Instructions to follow: What is needed is a word-for-word copy of the lines below from the one with "Paperwork during crime" through the one with "French vegetable omelette", both included, with every picture left out.

Record excerpts:
- - - - - - -

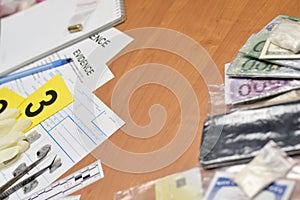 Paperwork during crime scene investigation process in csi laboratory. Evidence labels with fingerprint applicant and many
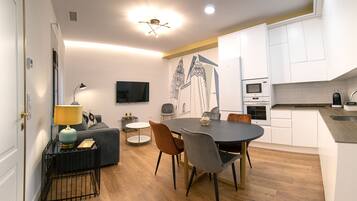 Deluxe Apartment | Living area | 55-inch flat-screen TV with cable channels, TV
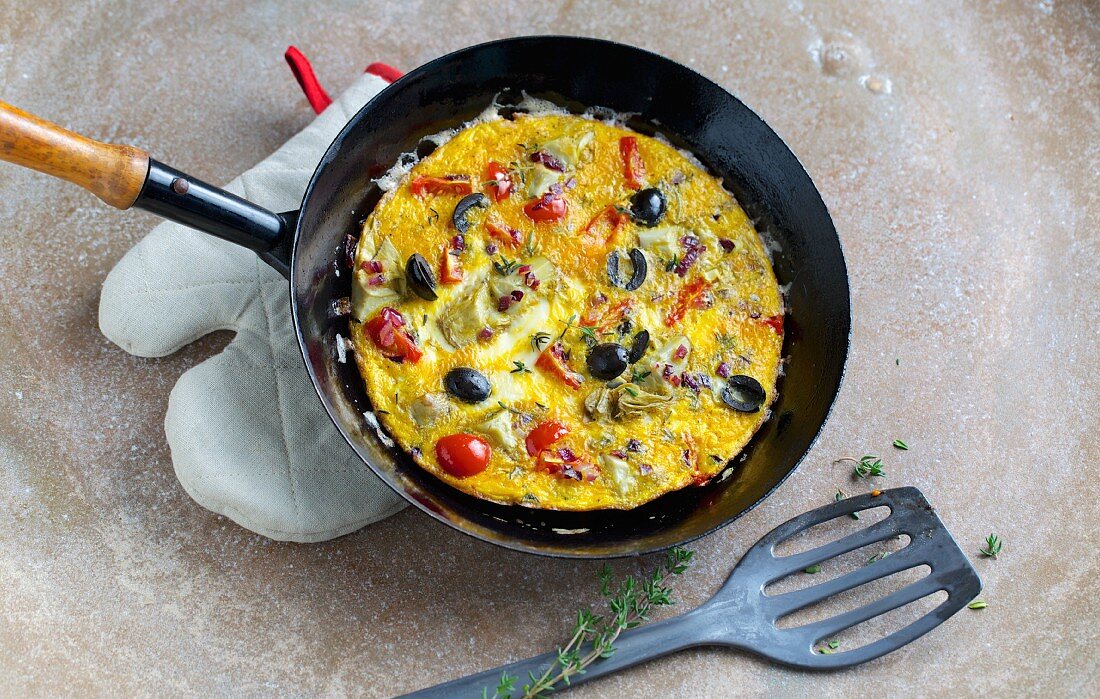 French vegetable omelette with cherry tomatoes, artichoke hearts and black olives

- - - - - - -

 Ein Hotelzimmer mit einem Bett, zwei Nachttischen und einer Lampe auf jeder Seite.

- - - - - - -

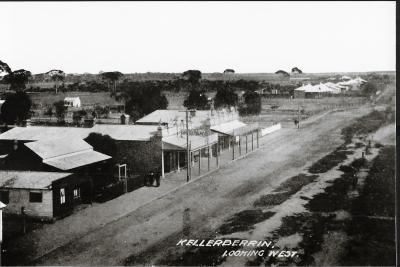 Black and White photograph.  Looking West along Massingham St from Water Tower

- - - - - - -

Finished exercise:
 Paperwork during crime scene investigation process in csi laboratory. Evidence labels with fingerprint applicant and many
 Deluxe Apartment | Living area | 55-inch flat-screen TV with cable channels, TV
 French vegetable omelette with cherry tomatoes, artichoke hearts and black olives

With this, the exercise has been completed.